The INR has depreciated around 5 per cent in CY 2012 so far. However, both the BSE IT and CNX IT index have fallen around 2 per cent for the same period. This shows that near-term movements in the rupee have little demonstrable effect on fundamental stock valuations. “With Indian IT expected to grow at not more than 10-12 per cent for FY13 in US$ terms, we do not believe the recent rupee appreciation alone gives cause for much cheer,” a report by Spark Capital said on Wednesday.
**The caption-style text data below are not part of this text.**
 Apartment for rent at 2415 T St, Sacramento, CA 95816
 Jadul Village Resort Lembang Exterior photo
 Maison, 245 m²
2) International demand v/s rupee:

Indian IT is geared to international rather than domestic demand. Hence, the market reacts negatively to any concerns in world economy because this offsets any gains from forex fluctuation. US and Europe are two of the largest markets for the Indian IT sector, both of which are currently seeing a slowdown in growth and labour market. This is likely to affect demand for Indian IT services in the near-term and drive down revenues, which could render forex gains irrelevant, depending on relative value. “In the long run, nearly all of IT spend is discretionary; and a mere depreciation in the rupee does not alleviate market concerns on underlying demand,” the Spark Capital report explained.

3) Historical trends:

The trend was the same in 2008-09, when the US was hit with a financial crisis and slipped into recession, the Spark Capital report points out. The US dollar was around Rs 45-46 levels just prior to Lehman Brothers' bankruptcy in September 2008. But, by the end of March 2009, the US$ had appreciated around 11 per cent against the Indian rupee. However, the CNX IT index did not mirror this positive development; in fact, it reflected just the opposite movement and declined over 40 per cent during this period. The broader Indian equity market, in comparison, only fell around 30 per cent.
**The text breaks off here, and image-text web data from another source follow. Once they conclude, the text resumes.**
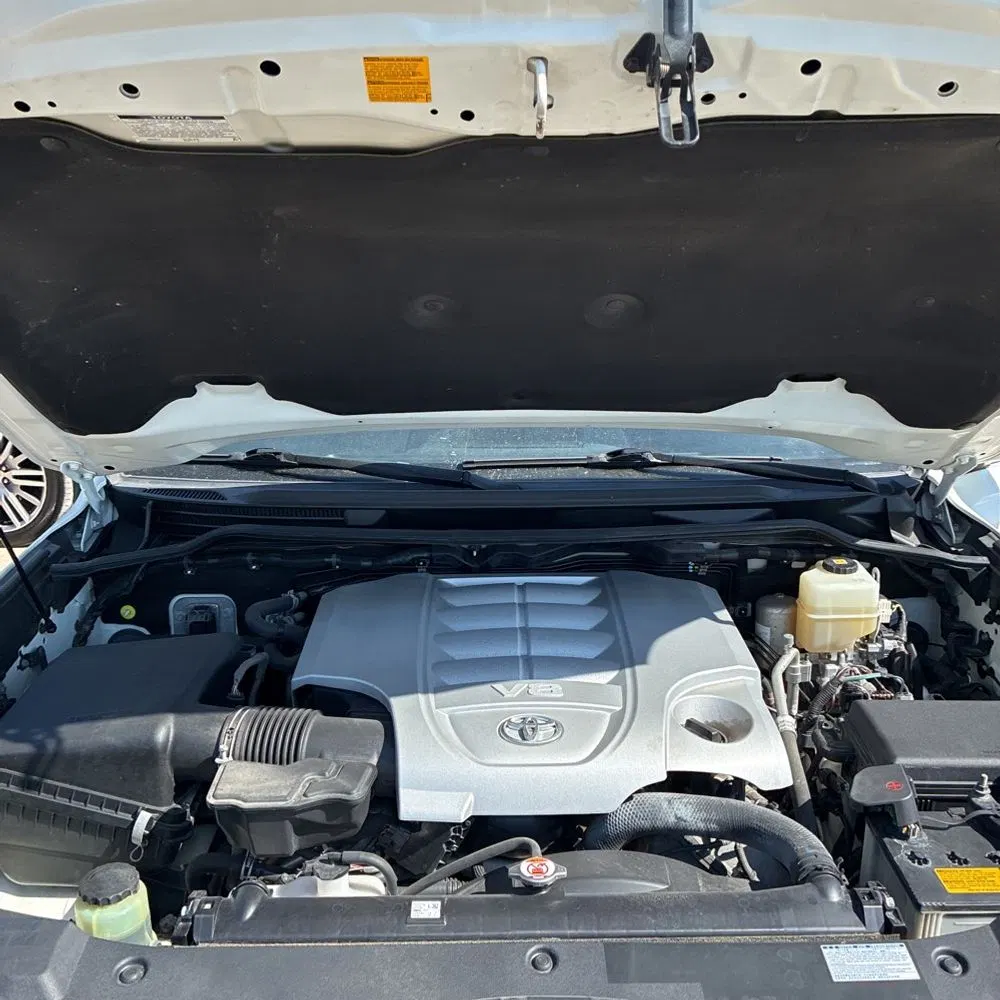2020 Toyota Land Cruiser Base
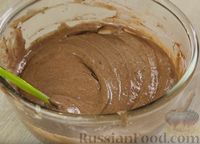 Фото приготовления рецепта: Шоколадный бисквит - шаг №6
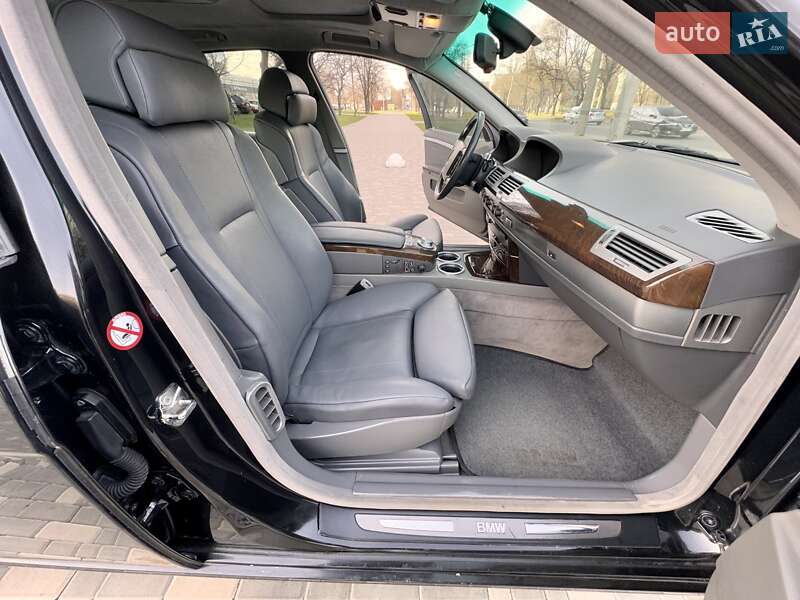 Седан BMW 7 Series 2003 в Одессе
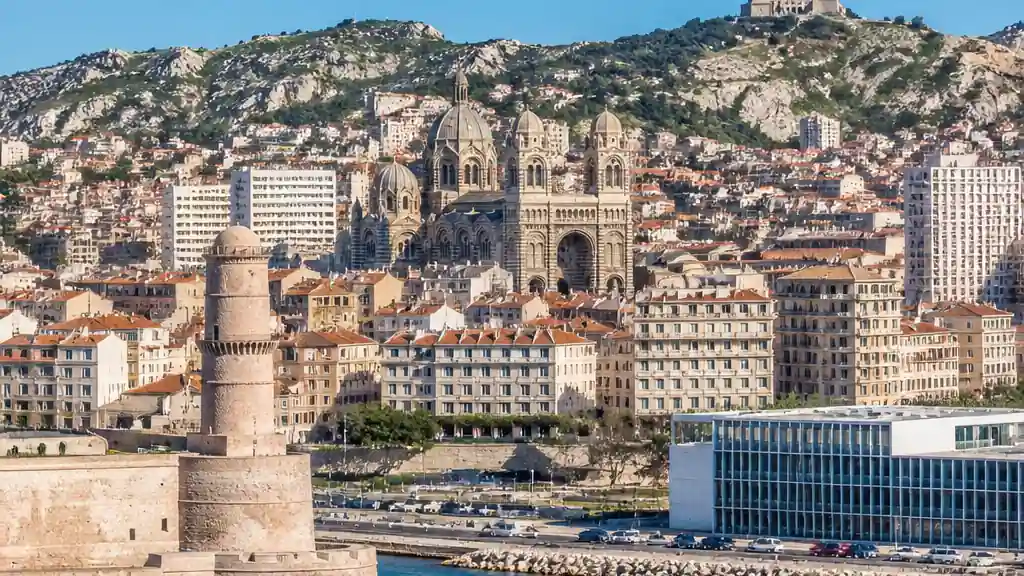 Photographie illustrant l'installation de panneaux solaires à Marseille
4) Cash generation from forex fluctuations:

IT companies generate cash as they get more rupees for every dollar they receive. The impact is seen across the income statement – in revenue, operating profit and net profit. The key variable here is the percentage of revenue from offshore. As this percentage increases, leverage from INR depreciation increases.  Percentage of cash generation due to forex fluctuation to the revenue is limited and varies for different companies. If one assumes Rs 52 per dollar as the exchange rate, cash generation could increase by as much as 25 per cent over the next two years for companies like Persistent Systems and HCL Tech.  

5) Hedging: 

Companies hedge against potential fall or rise in currency values. This is done by taking a contrarion position in currency markets. So, if a company that exports, fears that its revenue or profit could be affected by a sharp surge in the rupee, it could make up for those losses by hedging.  
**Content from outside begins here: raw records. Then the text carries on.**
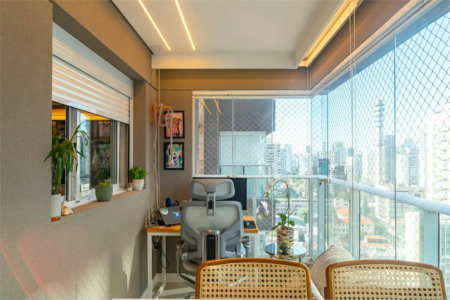 Apartamento à venda com 2 quartos, sendo 1 suíte, em Jardim das Acácias, São Paulo, SP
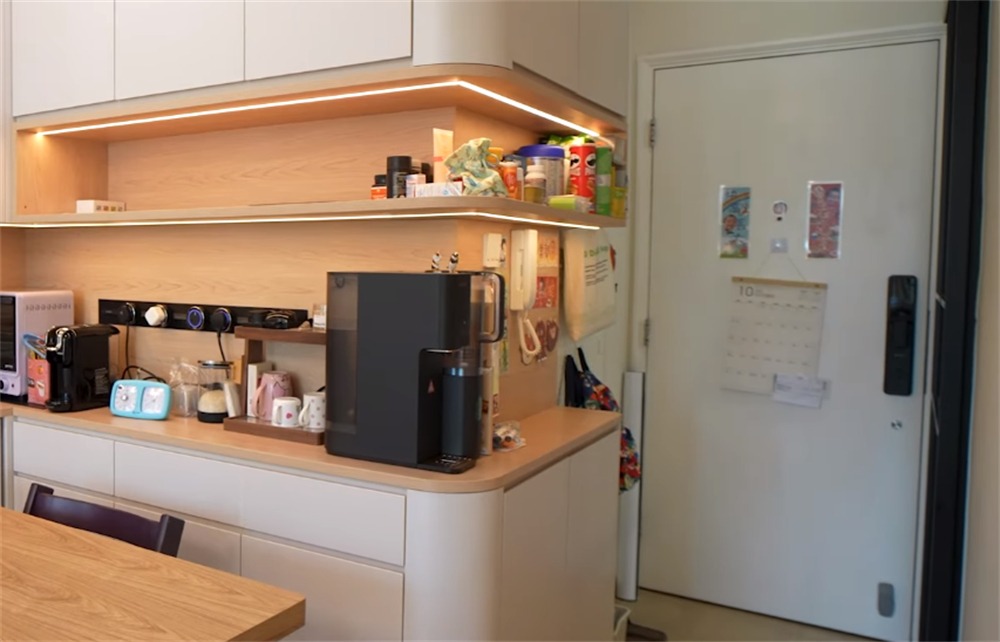 Gi&uacute;p việc sống c&ugrave;ng nh&agrave;, gia chủ chi 1,5 tỷ cải tạo căn hộ 52m&sup2;- Ảnh 3.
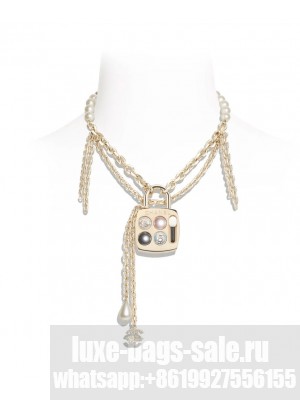 Chanel Women's Necklace ABA618 Golden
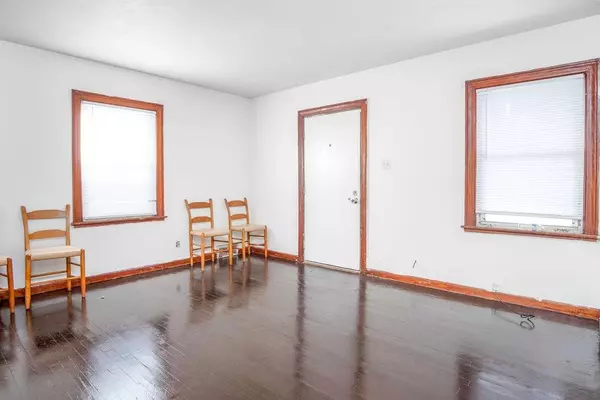 Hammond, IN 46327,4817 Catalpa AVE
Cash flows arising from realized hedging losses/gains too differ for different companies in the IT sphere. According to the report, Indian IT firms tend to vary widely in their use of currency hedges. “At one end of the spectrum are companies like eClerx, while on the other hand we see companies like Infosys which has very limited hedge coverage for FY13,” the report said. Also, some companies like Infosys have had more or less consistent hedging policies from quarter to quarter, while others might pare their hedge books in the wake of recent INR weakness. Hence, it is difficult to generalize the positive impact of rupee depreciation for the sector as a whole.